Il nodo produttività
L’ultima riflessione dà un assist per passare a un altro annoso problema italiano, sempre più acuito dalla crisi demografica: la produttività del Belpaese.
Dal rapporto Inapp succitato emerge che mentre nel 2002 ogni 1.000 persone che avevano un’età compresa tra 19 e 39 anni ce n’erano poco più di 900 aventi 40-64 anni, nel 2023 quest’ultimo valore ha superato le 1.400 unità. Ogni 1.000 lavoratori di 19-39 anni ci sono ben 1.900 lavoratori adulti-anziani.
A partire dalla seconda metà degli anni Novanta la crescita della produttività è stata di gran lunga inferiore rispetto ai Paesi del G7, con un gap del 25,5% nel 2021.
Scarsa produttività e scarsa remunerazione del lavoro vivono in osmosi: salari troppo bassi non stimolano i lavoratori e la scarsa produttività ostacola l’aumento salariale.
Una dinamica lineare, così come è intuitivo il fatto che se aumenta l’età media dei lavoratori, diminuisce necessariamente la produttività.
L’allarme era scattato già con i dati relativi a novembre 2023, quando l’Istat aveva certificato il record occupazionale, poi superato a dicembre: 23 milioni e 743 mila lavoratori, tra permanenti e a termine. Nota negativa: dei 520 mila occupati in più registrati a novembre 2023 rispetto a novembre 2022, ben 477 mila erano over 50. In pratica, l’aumento annuale dell’occupazione è stato trainato per il 92% dalla maggiore occupazione dei boomer o baby boomer, incentivata anche dalla stretta sulle pensioni anticipate nel 2024.
Come già analizzato su queste pagine, crisi demografica ed economica sono connesse in un effetto domino difficile da interrompere:
- La popolazione invecchia;
- Aumenta la spesa pubblica;
- Il welfare diventa sempre più insostenibile
- Diminuisce la produttività delle imprese (e molte chiudono);
- I salari non salgono;
- I giovani hanno difficoltà a metter su famiglia.

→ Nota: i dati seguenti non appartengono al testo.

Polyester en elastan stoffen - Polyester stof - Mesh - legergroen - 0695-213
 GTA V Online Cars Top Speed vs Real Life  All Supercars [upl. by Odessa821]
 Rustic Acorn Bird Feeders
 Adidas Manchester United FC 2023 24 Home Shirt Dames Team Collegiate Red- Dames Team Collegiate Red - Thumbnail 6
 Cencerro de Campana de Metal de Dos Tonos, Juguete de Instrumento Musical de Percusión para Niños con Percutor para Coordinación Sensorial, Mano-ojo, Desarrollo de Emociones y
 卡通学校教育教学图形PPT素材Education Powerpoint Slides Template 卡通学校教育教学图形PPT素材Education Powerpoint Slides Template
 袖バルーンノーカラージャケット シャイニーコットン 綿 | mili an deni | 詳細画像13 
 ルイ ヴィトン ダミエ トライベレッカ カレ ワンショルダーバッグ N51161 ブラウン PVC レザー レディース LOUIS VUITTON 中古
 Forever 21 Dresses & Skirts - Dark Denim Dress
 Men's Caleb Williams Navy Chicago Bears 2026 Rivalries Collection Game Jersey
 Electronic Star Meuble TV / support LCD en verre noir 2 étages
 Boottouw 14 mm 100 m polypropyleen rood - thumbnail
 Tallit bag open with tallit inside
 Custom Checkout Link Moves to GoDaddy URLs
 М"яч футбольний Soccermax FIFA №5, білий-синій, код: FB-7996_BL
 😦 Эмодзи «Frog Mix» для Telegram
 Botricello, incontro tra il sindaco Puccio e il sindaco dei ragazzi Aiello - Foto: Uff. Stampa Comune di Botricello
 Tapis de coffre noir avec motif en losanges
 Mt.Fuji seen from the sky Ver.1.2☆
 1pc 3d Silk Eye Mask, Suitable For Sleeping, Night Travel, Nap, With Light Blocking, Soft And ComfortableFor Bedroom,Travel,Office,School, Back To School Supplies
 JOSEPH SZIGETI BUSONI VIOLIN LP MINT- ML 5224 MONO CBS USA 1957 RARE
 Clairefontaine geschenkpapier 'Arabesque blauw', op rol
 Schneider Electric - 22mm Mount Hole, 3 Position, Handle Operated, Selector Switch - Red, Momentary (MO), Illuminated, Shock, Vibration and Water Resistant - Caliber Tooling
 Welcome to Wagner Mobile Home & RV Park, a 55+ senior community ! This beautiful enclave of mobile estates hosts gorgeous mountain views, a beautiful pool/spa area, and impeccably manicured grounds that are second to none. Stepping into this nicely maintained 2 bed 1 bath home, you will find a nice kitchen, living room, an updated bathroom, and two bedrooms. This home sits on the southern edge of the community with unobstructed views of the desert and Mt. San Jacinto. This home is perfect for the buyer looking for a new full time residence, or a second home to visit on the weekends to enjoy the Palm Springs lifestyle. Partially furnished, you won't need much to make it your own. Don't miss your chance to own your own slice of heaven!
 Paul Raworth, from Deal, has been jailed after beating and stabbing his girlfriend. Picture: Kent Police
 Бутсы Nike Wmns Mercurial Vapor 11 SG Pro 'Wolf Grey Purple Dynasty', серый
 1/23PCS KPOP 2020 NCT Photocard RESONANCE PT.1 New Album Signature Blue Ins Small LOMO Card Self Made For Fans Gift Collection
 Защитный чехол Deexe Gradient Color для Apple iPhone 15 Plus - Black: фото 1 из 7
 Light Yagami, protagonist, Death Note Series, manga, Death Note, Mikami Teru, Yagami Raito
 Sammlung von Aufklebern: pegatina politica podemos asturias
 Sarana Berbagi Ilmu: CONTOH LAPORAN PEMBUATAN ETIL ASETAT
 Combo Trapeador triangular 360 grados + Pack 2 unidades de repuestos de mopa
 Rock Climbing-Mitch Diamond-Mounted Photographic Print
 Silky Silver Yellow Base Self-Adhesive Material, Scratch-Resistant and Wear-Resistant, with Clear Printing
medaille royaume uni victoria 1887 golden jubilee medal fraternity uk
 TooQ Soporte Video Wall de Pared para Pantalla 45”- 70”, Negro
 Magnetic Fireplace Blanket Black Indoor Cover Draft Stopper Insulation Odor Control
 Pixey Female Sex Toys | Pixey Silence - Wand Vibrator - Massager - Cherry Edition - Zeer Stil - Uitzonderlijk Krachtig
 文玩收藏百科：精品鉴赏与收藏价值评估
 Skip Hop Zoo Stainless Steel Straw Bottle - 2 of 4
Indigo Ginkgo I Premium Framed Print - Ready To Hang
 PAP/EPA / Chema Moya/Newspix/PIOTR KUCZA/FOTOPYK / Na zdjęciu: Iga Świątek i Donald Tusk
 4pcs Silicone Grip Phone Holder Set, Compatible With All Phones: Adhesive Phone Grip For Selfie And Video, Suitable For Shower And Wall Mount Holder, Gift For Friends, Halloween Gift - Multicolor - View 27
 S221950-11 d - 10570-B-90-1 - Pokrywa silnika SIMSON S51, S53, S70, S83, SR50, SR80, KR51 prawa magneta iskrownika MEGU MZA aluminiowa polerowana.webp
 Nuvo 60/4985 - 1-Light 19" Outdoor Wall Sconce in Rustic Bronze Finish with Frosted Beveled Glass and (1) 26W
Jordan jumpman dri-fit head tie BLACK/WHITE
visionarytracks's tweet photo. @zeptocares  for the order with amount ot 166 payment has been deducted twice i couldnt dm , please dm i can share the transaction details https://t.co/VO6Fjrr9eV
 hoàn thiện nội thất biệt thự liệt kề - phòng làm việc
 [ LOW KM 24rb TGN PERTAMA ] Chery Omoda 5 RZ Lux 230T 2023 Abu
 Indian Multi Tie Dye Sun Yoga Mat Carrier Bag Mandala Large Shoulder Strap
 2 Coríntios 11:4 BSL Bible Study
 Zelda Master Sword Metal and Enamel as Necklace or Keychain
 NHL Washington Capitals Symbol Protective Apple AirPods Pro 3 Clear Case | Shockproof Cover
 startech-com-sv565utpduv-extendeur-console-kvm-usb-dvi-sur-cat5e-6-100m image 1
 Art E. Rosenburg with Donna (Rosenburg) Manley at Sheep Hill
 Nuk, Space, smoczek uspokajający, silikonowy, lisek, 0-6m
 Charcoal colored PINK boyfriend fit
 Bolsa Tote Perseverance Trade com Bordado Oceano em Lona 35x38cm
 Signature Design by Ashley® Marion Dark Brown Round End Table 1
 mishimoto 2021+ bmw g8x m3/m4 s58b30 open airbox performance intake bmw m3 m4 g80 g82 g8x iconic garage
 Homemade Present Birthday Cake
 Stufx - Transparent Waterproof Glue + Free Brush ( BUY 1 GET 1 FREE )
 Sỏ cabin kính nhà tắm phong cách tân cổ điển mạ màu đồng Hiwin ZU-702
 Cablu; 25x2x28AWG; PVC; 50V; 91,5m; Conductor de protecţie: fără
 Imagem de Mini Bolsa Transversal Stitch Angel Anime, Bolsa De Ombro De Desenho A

Dall’ultimo punto si ritorna al primo in un circolo vizioso che negli ultimi decenni si sta allargando. Al netto dell’effetto domino, risulta come i salari siano l’unico tassello su cui la politica (in senso lato) può intervenire direttamente tramite la contrattazione collettiva. I salari, quindi, rappresentano la chiave di volta per interrompere il circolo vizioso che danneggia la demografia della popolazione e delle imprese italiane che stanno accusando il colpo della denatalità.
Aumenta la povertà assoluta in Italia
La congiuntura socio-economica appena descritta si traduce in un ulteriore dato numerico: nel 2023 è cresciuto il numero di famiglie italiane in povertà assoluta. Come certifica l’Istat, l’anno scorso sono risultate in questa condizione poco più di 2,18 milioni di famiglie italiane, pari al 9,1% del totale, +0,9% rispetto al 2022, quando le famiglie in povertà assoluta erano 1,96 milioni.
Tra le categorie più colpite dalla povertà assoluta nel 2023, si segnalano le famiglie con minori (13,5%), le famiglie numerose (23,4%), le famiglie con capofamiglia disoccupato (36,9%) e le famiglie con cittadinanza straniera (30,6%). Queste famiglie hanno subito maggiormente gli effetti dell’aumento dell’inflazione, che ha eroso il loro potere d’acquisto e ridotto la loro capacità di spesa.
Adeguare rapidamente i salari all’inflazione, preferendo un contatto più diretto con la realtà, può cambiare la vita e le prospettive di queste persone.